2. Action on homology. Any map $$f : X \to Y$$ of spaces induces a map $$H_n(f;A) : H_n(X;A) \to H_n(Y;A)$$ for all $$n \geq 0$$ and all abelian groups $$A$$. If $$f \sim g$$, then $$H_n(f;A) = H_n(g;A)$$ for all $$n$$ and all abelian groups $$A$$. So, if $$H_n(f;A) \neq H_n(g;A)$$ for some $$n$$ and some abelian group $$A$$, then $$f \nsim g$$.
3. Action on cohomology. Any map $$f : X \to Y$$ of spaces induces a map $$H^n(f;A) : H^n(Y;A) \to H^n(X;A)$$ for all $$n \geq 0$$ and all abelian groups $$A$$. If $$f \sim g$$, then $$H^n(f;A) = H^n(g;A)$$ for all $$n$$ and all abelian groups $$A$$. So, if $$H^n(f;A) \neq H^n(g;A)$$ for some $$n$$ and some abelian group $$A$$, then $$f \nsim g$$.
4. Lefschetz number.
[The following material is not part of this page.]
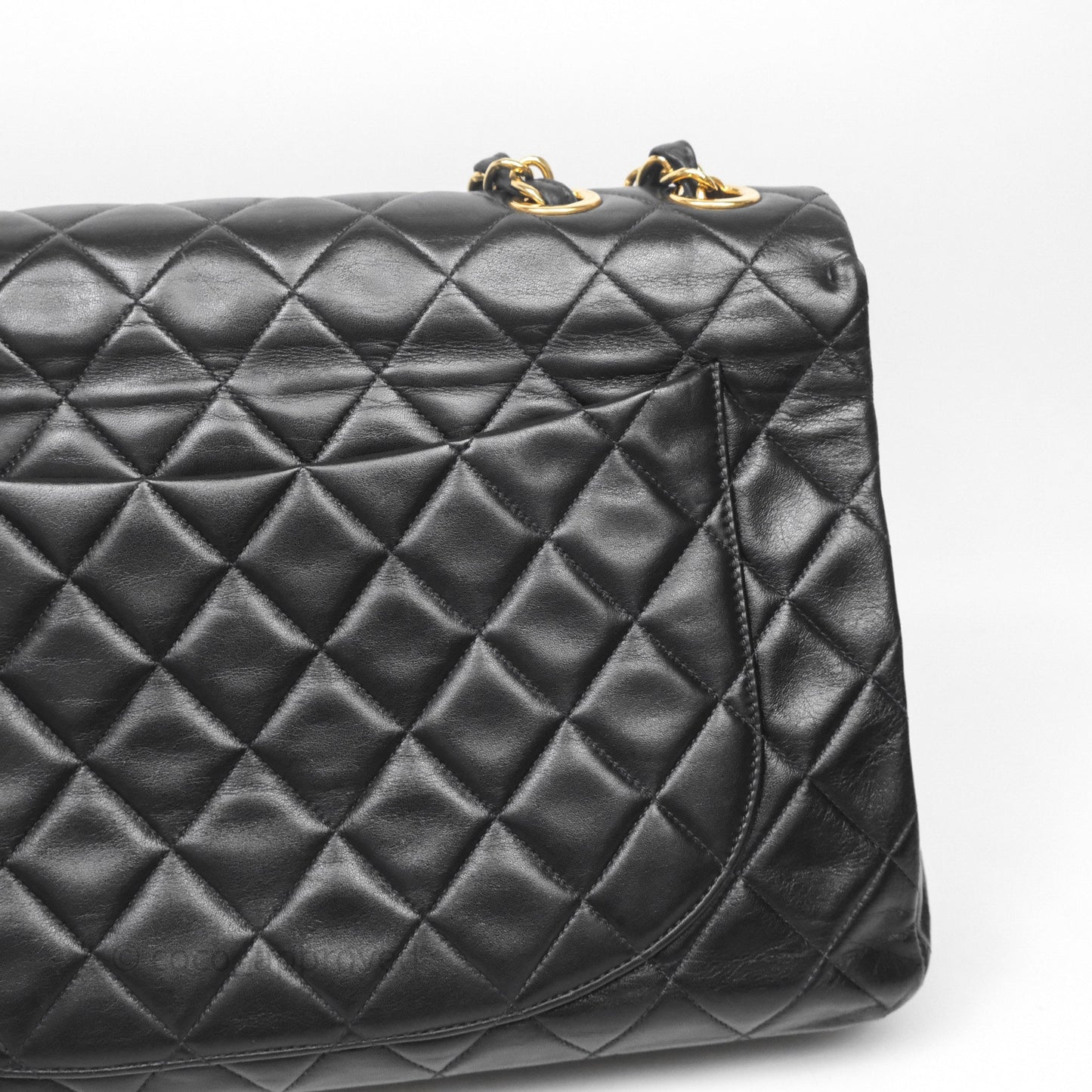 Chanel Vintage Jumbo Single Flap Black Lambskin 24K Gold Hardware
Let $$X$$ be a space such that $$\sum_{n \geq 0} \dim_{\mathbb{Q}} H_n(X;\mathbb{Q}) < \infty$$. Then for any map $$f : X \to X$$, we can define $$L(f) = \sum_{n \geq 0} (-1)^n \operatorname{Tr}_{\mathbb{Q}} H_n(f;\mathbb{Q})$$. If $$f \sim g$$, then $$H_n(f;\mathbb{Q}) = H_n(g;\mathbb{Q})$$ for all $$n$$, so in particular $$L(f) = L(g)$$. Thus, if $$L(f) \neq L(g)$$, then $$f \nsim g$$. The Lefschetz number has two other interesting properties: it is always an integer, and if $$X$$ is compact and triangulable then $$L(f) \neq 0$$ implies that $$f$$ has at least one fixed point.